--- START ---

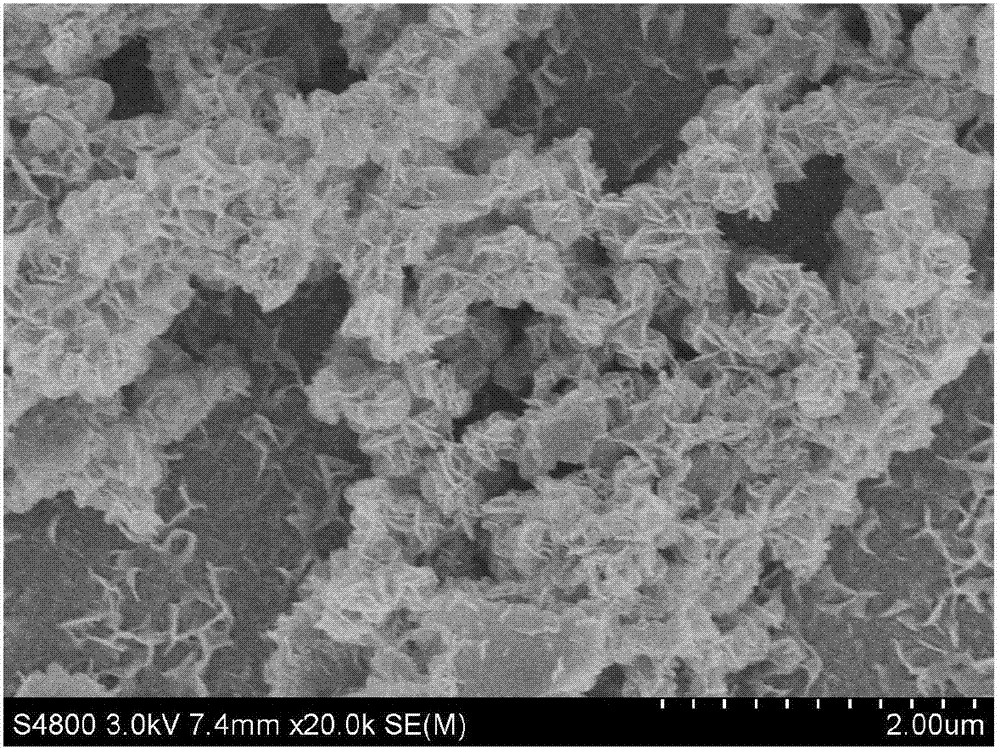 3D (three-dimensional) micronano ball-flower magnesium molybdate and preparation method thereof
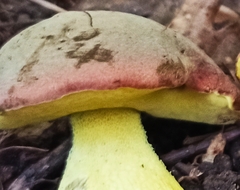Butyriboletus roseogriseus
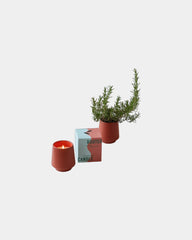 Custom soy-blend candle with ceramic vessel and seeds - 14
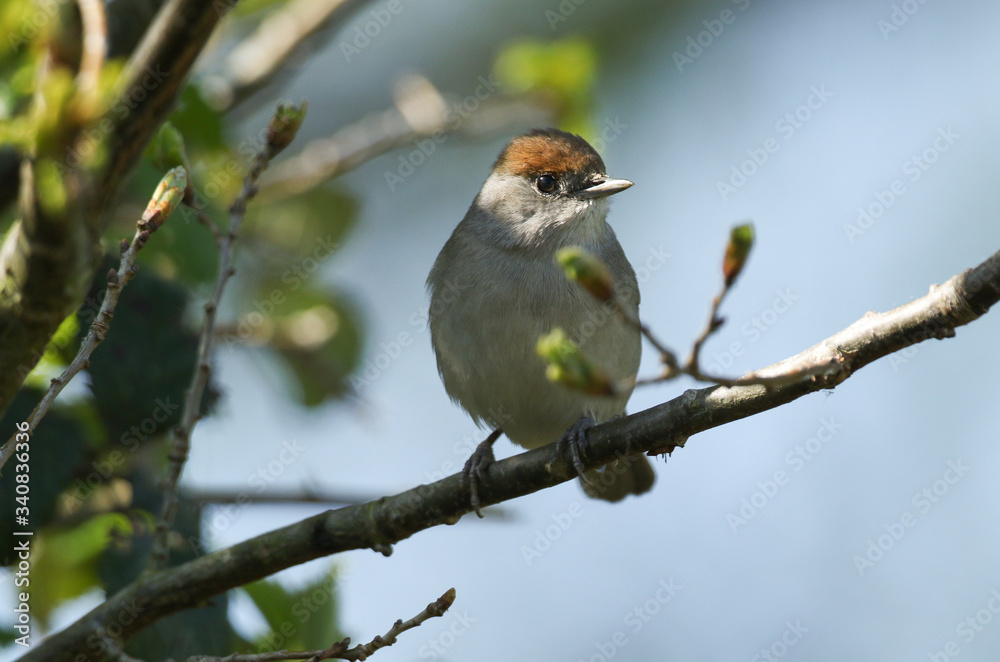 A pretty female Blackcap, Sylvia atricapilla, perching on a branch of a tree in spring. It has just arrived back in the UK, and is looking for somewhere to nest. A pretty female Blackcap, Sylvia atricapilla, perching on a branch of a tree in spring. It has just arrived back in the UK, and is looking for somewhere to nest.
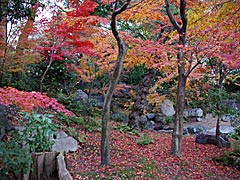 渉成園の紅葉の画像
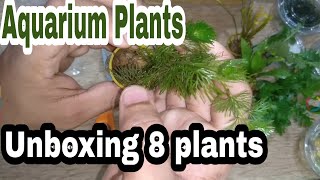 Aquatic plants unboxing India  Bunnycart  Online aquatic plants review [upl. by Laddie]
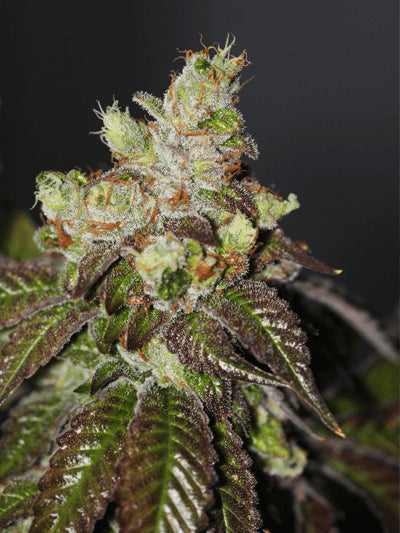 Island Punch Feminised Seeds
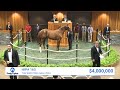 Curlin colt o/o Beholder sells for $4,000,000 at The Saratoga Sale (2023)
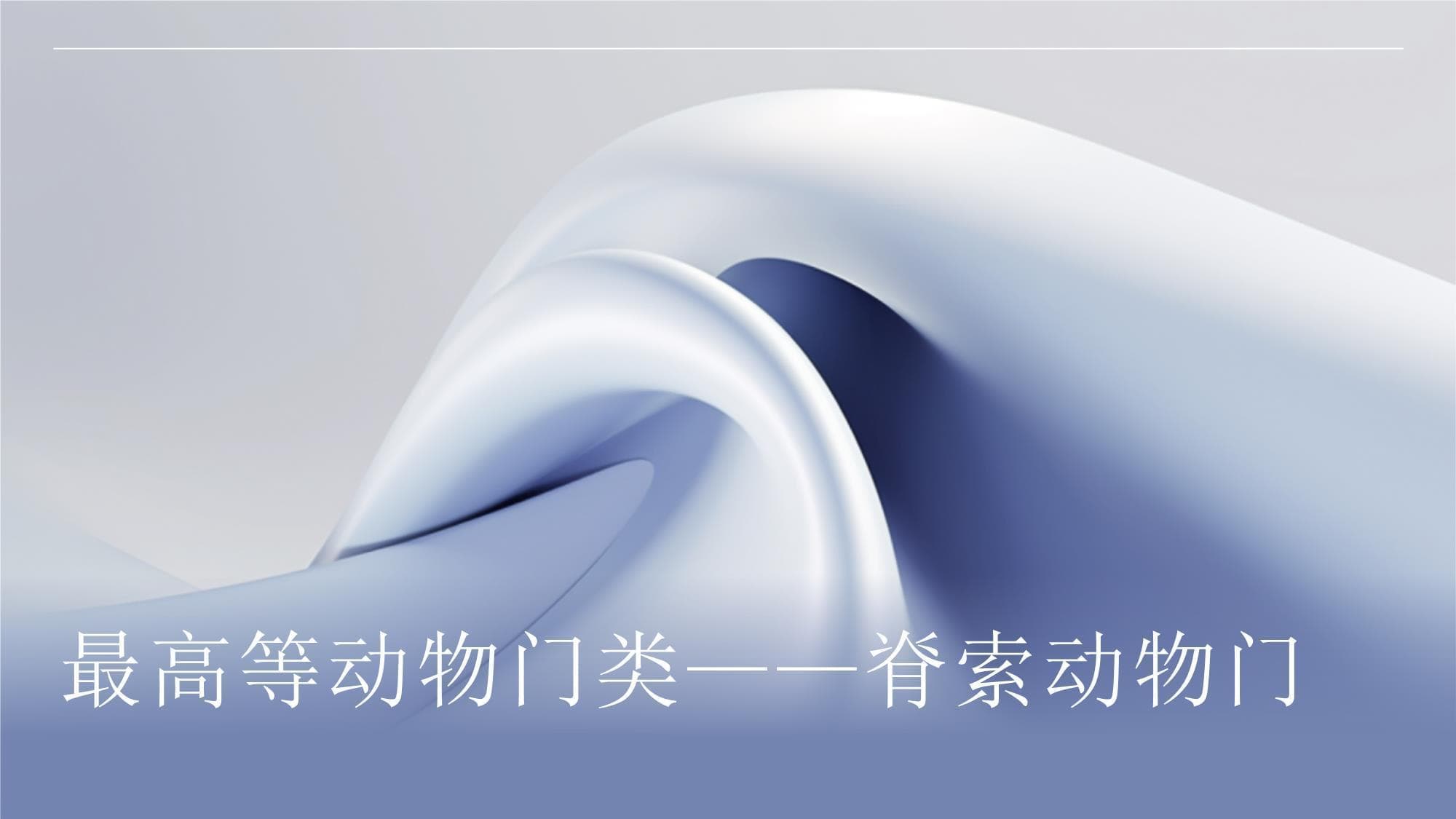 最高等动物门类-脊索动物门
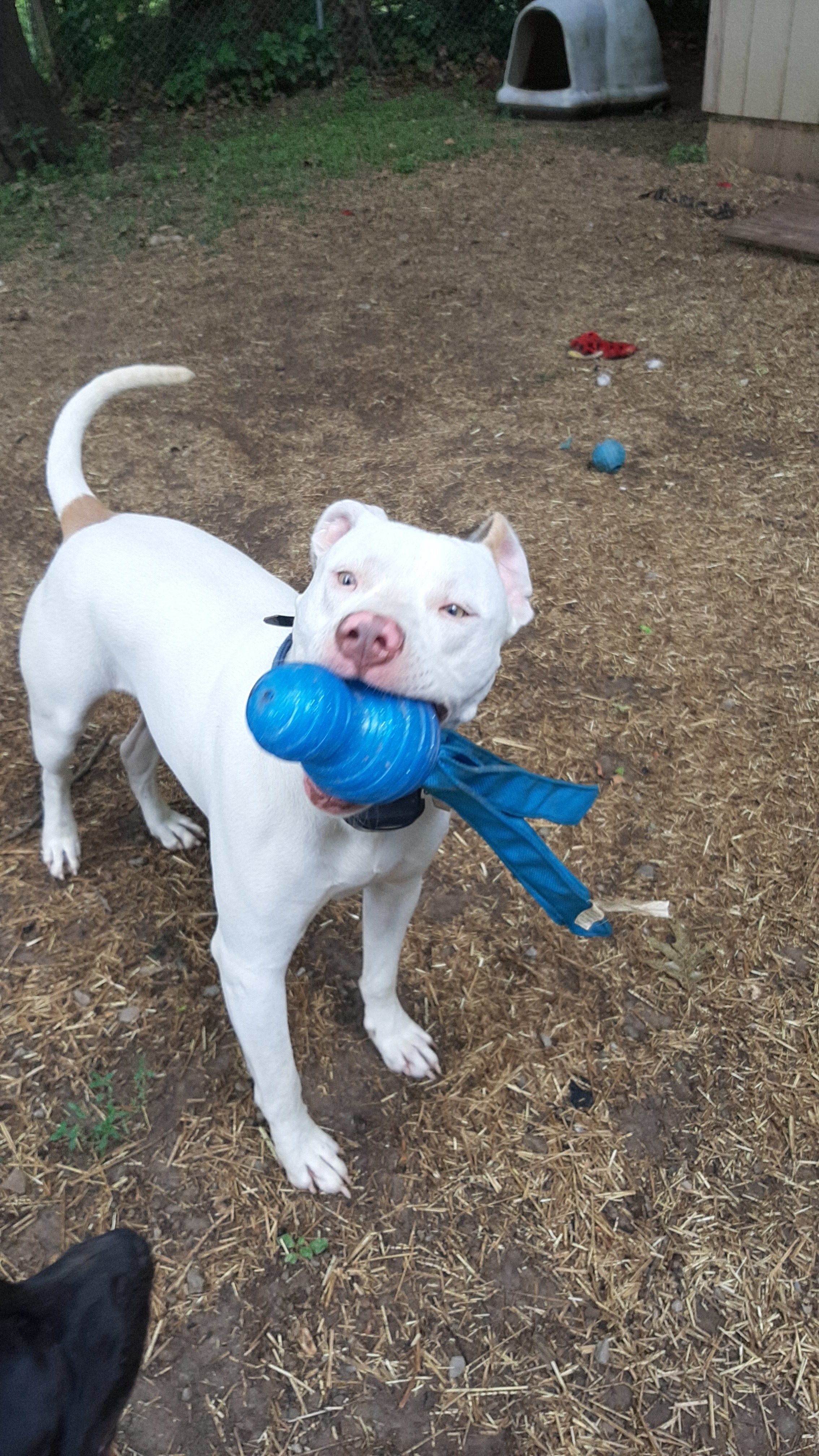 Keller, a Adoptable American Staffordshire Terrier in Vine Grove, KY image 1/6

--- END ---

Exercise: With the pictures removed, repeat the listing above exactly as it stands.

Written response:
 3D (three-dimensional) micronano ball-flower magnesium molybdate and preparation method thereof
Butyriboletus roseogriseus
 Custom soy-blend candle with ceramic vessel and seeds - 14
 A pretty female Blackcap, Sylvia atricapilla, perching on a branch of a tree in spring. It has just arrived back in the UK, and is looking for somewhere to nest. A pretty female Blackcap, Sylvia atricapilla, perching on a branch of a tree in spring. It has just arrived back in the UK, and is looking for somewhere to nest.
 渉成園の紅葉の画像
 Aquatic plants unboxing India  Bunnycart  Online aquatic plants review [upl. by Laddie]
 Island Punch Feminised Seeds
 Curlin colt o/o Beholder sells for $4,000,000 at The Saratoga Sale (2023)
 最高等动物门类-脊索动物门
 Keller, a Adoptable American Staffordshire Terrier in Vine Grove, KY image 1/6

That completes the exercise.